The Chinese quota under the HDB's Ethnic Integration Policy tends to be filled up in central areas such as Cheng San, Marymount and Serangoon Central, according to Dr Leong Chan-Hoong, head of the Institute of Policy Studies Social Lab.
He believes the proximity of such blocks to popular primary schools, including Special Assistance Plan schools that offer only Chinese as a mother tongue, contributes to the high demand from Chinese buyers - and their higher resale prices.
Parents are perhaps more willing to move closer to schools that they want to enrol their children in, he said.
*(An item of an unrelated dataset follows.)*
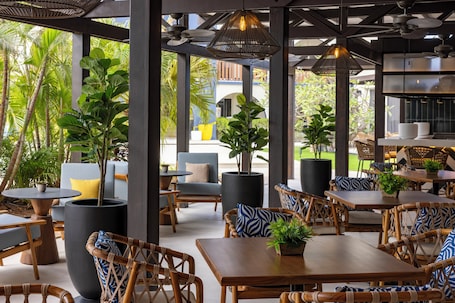 Breakfast, lunch and dinner served. voco Surfside Aruba by IHG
The Malay quota tends to be filled in fringe locations such as Woodlands and Pasir Ris, while the Indian quota meets its limit in areas such as Admiralty and Kampong Java.
One possible remedy to address the influx of Chinese residents is to move these schools out to other locations where the quotas have not been filled, so that there will be more amenities in the fringe areas that will attract Chinese buyers, suggested Dr Leong.
This could reduce demand from Chinese buyers in the central region, and also remove the ethnic quota restriction for affected blocks so that minority sellers can sell to a larger market of buyers.
"It can also help to prop up resale prices in these fringe locations."
Mr M. Singh, who declined to give his full name, has been trying to sell his five-room flat in Queen's Road, Bukit Timah, for more than two years, with an asking price of about $910,000, on a par with resale prices for similar flats in his block over the past two years.
But he has had only two viewings.
"In comparison, my next-door neighbour, who has also put his flat on the market, gets people coming to see it every weekend.
"Unfortunately, the biggest draw is Nanyang Primary School, which mostly attracts Chinese buyers," said Mr Singh, who is in his 40s and works in the transport industry.